The commissioner, while saying that more women were affected by depression than men, posited that depression can be long-lasting or recurrent, substantially impairing an individual’s ability to function at work or school or cope with daily life.
He said this could have devastating consequences for families, friends, communities and workplaces.
Dr Idris stressed the need for coordination and collaboration amongst various sectors of the society, including health, education, labour, justice, law, politics and the media, explaining that people suffering from depression needed support to be courageous, come out to talk about it and shun the fear of stigmatization and discrimination.

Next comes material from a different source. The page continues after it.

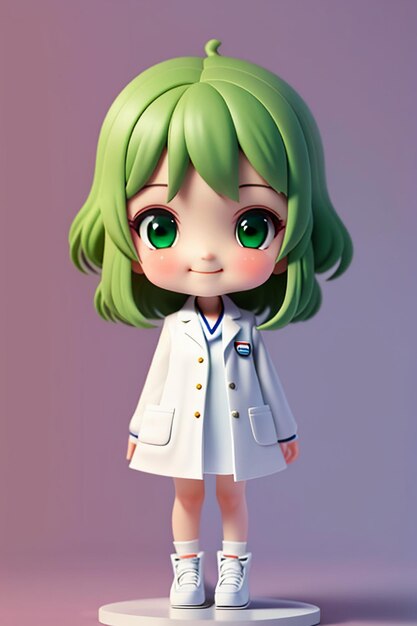 Una imagen de dibujos animados de un médico con una bata blanca con hermosos ojos grandes modelado 3D estilo anime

He disclosed that the state government had set up help lines, including 08058820777 and 09030000741 through which residents can ask questions, make inquiries and seek help from professionals early enough to allow for appropriate intervention.
“I must stress that there are people available to help. So, ‘Let’s Talk if you are a student,’ ‘let’s Talk, if you are a parent,’ ‘let’s Talk, if you feel alone in the world,’ ‘Let’s Talk,” he said.
Also present at the press briefing were the Permanent Secretary, Lagos State Ministry of Health, Dr Modele Osunkiyesi; Permanent Secretary, Primary Health Care Board, Dr. Atinuke Onayiga; Permanent Secretary, Health Service Commission, Dr. Jemilade Longe and Professor Abiodun Adewuya of the Lagos State University Teaching Hospital (LASUTH) amongst others.